= WHAT THE TASK REQUIRES =
Nothing but a verbatim copy of the data, minus the images, should be returned.

= DATA EXCERPT =
___

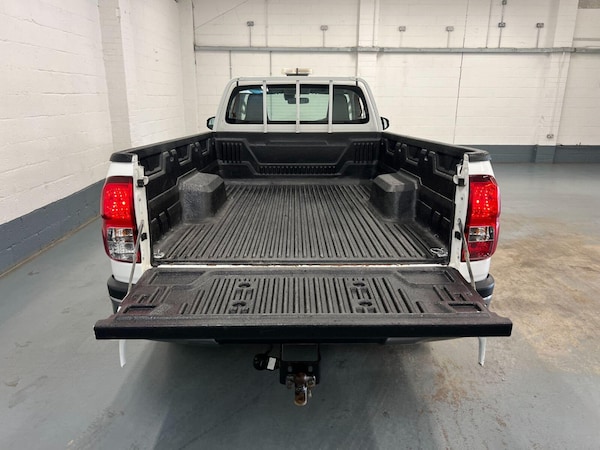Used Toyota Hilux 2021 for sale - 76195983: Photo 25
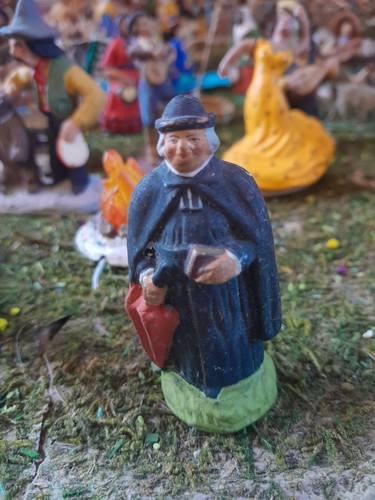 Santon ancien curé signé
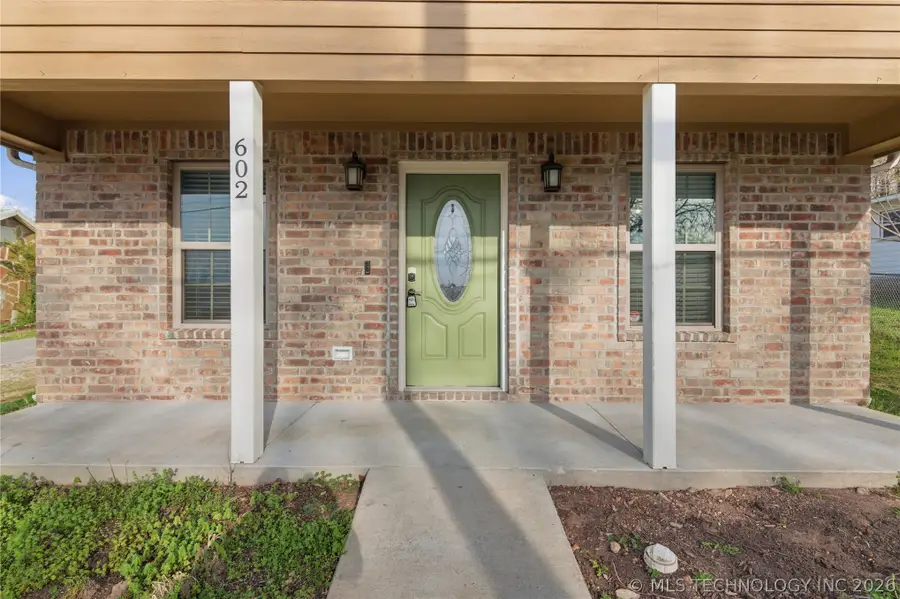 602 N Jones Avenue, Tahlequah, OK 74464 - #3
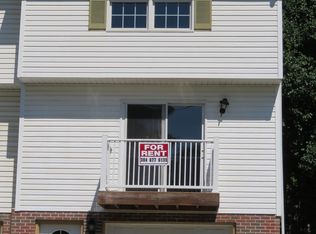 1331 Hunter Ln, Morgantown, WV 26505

___

= EXPECTED ANSWER =
Used Toyota Hilux 2021 for sale - 76195983: Photo 25
 Santon ancien curé signé
 602 N Jones Avenue, Tahlequah, OK 74464 - #3
 1331 Hunter Ln, Morgantown, WV 26505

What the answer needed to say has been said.